Short descriptive text snippets
------------------------
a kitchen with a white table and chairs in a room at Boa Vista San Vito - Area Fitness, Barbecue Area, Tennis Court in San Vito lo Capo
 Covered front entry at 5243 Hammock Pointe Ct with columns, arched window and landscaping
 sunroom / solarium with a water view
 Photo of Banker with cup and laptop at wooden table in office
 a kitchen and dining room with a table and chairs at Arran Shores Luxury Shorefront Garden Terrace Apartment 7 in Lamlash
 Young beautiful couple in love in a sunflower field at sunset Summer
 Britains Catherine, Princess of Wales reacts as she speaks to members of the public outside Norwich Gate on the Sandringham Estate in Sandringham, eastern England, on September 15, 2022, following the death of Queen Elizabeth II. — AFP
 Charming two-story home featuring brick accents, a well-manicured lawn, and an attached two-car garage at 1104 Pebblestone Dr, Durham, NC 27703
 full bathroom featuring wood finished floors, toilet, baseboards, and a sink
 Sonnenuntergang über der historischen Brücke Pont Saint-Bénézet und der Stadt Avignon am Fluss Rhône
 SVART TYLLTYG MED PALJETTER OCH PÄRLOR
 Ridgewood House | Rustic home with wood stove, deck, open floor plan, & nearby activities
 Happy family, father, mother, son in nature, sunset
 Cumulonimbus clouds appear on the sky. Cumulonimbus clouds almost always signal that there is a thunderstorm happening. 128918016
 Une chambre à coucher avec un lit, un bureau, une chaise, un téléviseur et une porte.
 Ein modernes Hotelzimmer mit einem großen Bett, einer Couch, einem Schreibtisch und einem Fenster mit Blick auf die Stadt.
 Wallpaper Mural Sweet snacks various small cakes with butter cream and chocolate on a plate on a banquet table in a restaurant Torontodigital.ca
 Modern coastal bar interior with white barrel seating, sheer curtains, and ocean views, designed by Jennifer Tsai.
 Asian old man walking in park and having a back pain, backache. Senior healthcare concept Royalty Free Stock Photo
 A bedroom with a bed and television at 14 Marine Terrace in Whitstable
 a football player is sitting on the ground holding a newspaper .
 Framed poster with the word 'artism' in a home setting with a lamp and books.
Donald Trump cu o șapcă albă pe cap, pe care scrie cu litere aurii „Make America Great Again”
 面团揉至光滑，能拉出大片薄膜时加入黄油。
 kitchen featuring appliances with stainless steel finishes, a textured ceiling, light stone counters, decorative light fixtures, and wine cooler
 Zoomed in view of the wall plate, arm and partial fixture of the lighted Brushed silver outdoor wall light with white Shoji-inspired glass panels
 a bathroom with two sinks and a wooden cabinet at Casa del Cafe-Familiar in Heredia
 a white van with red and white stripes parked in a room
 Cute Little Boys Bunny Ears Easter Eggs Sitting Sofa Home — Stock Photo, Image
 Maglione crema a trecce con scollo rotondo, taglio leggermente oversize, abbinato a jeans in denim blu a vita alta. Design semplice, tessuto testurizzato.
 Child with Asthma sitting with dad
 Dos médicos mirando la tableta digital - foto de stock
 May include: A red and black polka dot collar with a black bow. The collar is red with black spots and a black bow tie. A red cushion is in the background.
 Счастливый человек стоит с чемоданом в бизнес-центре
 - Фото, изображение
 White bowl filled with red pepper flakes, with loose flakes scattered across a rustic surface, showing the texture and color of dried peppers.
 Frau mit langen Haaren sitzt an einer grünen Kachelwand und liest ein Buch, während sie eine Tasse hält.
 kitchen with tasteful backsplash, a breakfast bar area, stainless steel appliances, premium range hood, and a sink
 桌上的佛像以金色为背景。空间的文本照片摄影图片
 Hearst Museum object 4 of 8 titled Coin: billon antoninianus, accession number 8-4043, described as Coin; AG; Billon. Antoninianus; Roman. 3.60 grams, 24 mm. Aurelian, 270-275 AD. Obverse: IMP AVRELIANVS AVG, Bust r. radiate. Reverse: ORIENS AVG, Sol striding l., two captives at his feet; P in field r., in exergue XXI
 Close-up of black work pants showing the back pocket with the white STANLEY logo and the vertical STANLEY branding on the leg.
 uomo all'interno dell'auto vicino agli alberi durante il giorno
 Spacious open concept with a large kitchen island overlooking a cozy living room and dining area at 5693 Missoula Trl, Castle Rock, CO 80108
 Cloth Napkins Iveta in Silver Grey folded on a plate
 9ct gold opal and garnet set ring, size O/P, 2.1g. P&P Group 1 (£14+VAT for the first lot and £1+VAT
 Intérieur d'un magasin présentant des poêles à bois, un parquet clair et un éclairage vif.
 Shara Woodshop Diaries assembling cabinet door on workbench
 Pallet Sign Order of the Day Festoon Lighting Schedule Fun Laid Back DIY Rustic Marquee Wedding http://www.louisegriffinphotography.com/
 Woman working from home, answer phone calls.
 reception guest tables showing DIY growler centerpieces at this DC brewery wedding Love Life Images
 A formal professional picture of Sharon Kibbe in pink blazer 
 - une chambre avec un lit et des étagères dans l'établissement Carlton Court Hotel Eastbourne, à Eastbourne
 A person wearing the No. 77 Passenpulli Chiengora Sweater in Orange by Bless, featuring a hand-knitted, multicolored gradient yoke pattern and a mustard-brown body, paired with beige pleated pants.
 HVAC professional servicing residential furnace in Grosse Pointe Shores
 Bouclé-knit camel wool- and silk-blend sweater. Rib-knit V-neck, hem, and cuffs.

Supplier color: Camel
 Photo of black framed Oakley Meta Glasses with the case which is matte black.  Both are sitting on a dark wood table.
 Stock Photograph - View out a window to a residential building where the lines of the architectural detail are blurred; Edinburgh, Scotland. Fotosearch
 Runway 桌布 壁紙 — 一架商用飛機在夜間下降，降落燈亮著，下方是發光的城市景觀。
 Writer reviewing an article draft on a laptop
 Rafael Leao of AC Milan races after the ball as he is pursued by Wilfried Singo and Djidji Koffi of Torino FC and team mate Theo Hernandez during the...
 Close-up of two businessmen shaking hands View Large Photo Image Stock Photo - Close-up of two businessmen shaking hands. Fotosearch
------------------------
Exercise prompt
Copy the data above exactly. Every line must be included.

Your response
a kitchen with a white table and chairs in a room at Boa Vista San Vito - Area Fitness, Barbecue Area, Tennis Court in San Vito lo Capo
 Covered front entry at 5243 Hammock Pointe Ct with columns, arched window and landscaping
 sunroom / solarium with a water view
 Photo of Banker with cup and laptop at wooden table in office
 a kitchen and dining room with a table and chairs at Arran Shores Luxury Shorefront Garden Terrace Apartment 7 in Lamlash
 Young beautiful couple in love in a sunflower field at sunset Summer
 Britains Catherine, Princess of Wales reacts as she speaks to members of the public outside Norwich Gate on the Sandringham Estate in Sandringham, eastern England, on September 15, 2022, following the death of Queen Elizabeth II. — AFP
 Charming two-story home featuring brick accents, a well-manicured lawn, and an attached two-car garage at 1104 Pebblestone Dr, Durham, NC 27703
 full bathroom featuring wood finished floors, toilet, baseboards, and a sink
 Sonnenuntergang über der historischen Brücke Pont Saint-Bénézet und der Stadt Avignon am Fluss Rhône
 SVART TYLLTYG MED PALJETTER OCH PÄRLOR
 Ridgewood House | Rustic home with wood stove, deck, open floor plan, & nearby activities
 Happy family, father, mother, son in nature, sunset
 Cumulonimbus clouds appear on the sky. Cumulonimbus clouds almost always signal that there is a thunderstorm happening. 128918016
 Une chambre à coucher avec un lit, un bureau, une chaise, un téléviseur et une porte.
 Ein modernes Hotelzimmer mit einem großen Bett, einer Couch, einem Schreibtisch und einem Fenster mit Blick auf die Stadt.
 Wallpaper Mural Sweet snacks various small cakes with butter cream and chocolate on a plate on a banquet table in a restaurant Torontodigital.ca
 Modern coastal bar interior with white barrel seating, sheer curtains, and ocean views, designed by Jennifer Tsai.
 Asian old man walking in park and having a back pain, backache. Senior healthcare concept Royalty Free Stock Photo
 A bedroom with a bed and television at 14 Marine Terrace in Whitstable
 a football player is sitting on the ground holding a newspaper .
 Framed poster with the word 'artism' in a home setting with a lamp and books.
Donald Trump cu o șapcă albă pe cap, pe care scrie cu litere aurii „Make America Great Again”
 面团揉至光滑，能拉出大片薄膜时加入黄油。
 kitchen featuring appliances with stainless steel finishes, a textured ceiling, light stone counters, decorative light fixtures, and wine cooler
 Zoomed in view of the wall plate, arm and partial fixture of the lighted Brushed silver outdoor wall light with white Shoji-inspired glass panels
 a bathroom with two sinks and a wooden cabinet at Casa del Cafe-Familiar in Heredia
 a white van with red and white stripes parked in a room
 Cute Little Boys Bunny Ears Easter Eggs Sitting Sofa Home — Stock Photo, Image
 Maglione crema a trecce con scollo rotondo, taglio leggermente oversize, abbinato a jeans in denim blu a vita alta. Design semplice, tessuto testurizzato.
 Child with Asthma sitting with dad
 Dos médicos mirando la tableta digital - foto de stock
 May include: A red and black polka dot collar with a black bow. The collar is red with black spots and a black bow tie. A red cushion is in the background.
 Счастливый человек стоит с чемоданом в бизнес-центре
 - Фото, изображение
 White bowl filled with red pepper flakes, with loose flakes scattered across a rustic surface, showing the texture and color of dried peppers.
 Frau mit langen Haaren sitzt an einer grünen Kachelwand und liest ein Buch, während sie eine Tasse hält.
 kitchen with tasteful backsplash, a breakfast bar area, stainless steel appliances, premium range hood, and a sink
 桌上的佛像以金色为背景。空间的文本照片摄影图片
 Hearst Museum object 4 of 8 titled Coin: billon antoninianus, accession number 8-4043, described as Coin; AG; Billon. Antoninianus; Roman. 3.60 grams, 24 mm. Aurelian, 270-275 AD. Obverse: IMP AVRELIANVS AVG, Bust r. radiate. Reverse: ORIENS AVG, Sol striding l., two captives at his feet; P in field r., in exergue XXI
 Close-up of black work pants showing the back pocket with the white STANLEY logo and the vertical STANLEY branding on the leg.
 uomo all'interno dell'auto vicino agli alberi durante il giorno
 Spacious open concept with a large kitchen island overlooking a cozy living room and dining area at 5693 Missoula Trl, Castle Rock, CO 80108
 Cloth Napkins Iveta in Silver Grey folded on a plate
 9ct gold opal and garnet set ring, size O/P, 2.1g. P&P Group 1 (£14+VAT for the first lot and £1+VAT
 Intérieur d'un magasin présentant des poêles à bois, un parquet clair et un éclairage vif.
 Shara Woodshop Diaries assembling cabinet door on workbench
 Pallet Sign Order of the Day Festoon Lighting Schedule Fun Laid Back DIY Rustic Marquee Wedding http://www.louisegriffinphotography.com/
 Woman working from home, answer phone calls.
 reception guest tables showing DIY growler centerpieces at this DC brewery wedding Love Life Images
 A formal professional picture of Sharon Kibbe in pink blazer 
 - une chambre avec un lit et des étagères dans l'établissement Carlton Court Hotel Eastbourne, à Eastbourne
 A person wearing the No. 77 Passenpulli Chiengora Sweater in Orange by Bless, featuring a hand-knitted, multicolored gradient yoke pattern and a mustard-brown body, paired with beige pleated pants.
 HVAC professional servicing residential furnace in Grosse Pointe Shores
 Bouclé-knit camel wool- and silk-blend sweater. Rib-knit V-neck, hem, and cuffs.

Supplier color: Camel
 Photo of black framed Oakley Meta Glasses with the case which is matte black.  Both are sitting on a dark wood table.
 Stock Photograph - View out a window to a residential building where the lines of the architectural detail are blurred; Edinburgh, Scotland. Fotosearch
 Runway 桌布 壁紙 — 一架商用飛機在夜間下降，降落燈亮著，下方是發光的城市景觀。
 Writer reviewing an article draft on a laptop
 Rafael Leao of AC Milan races after the ball as he is pursued by Wilfried Singo and Djidji Koffi of Torino FC and team mate Theo Hernandez during the...
 Close-up of two businessmen shaking hands View Large Photo Image Stock Photo - Close-up of two businessmen shaking hands. Fotosearch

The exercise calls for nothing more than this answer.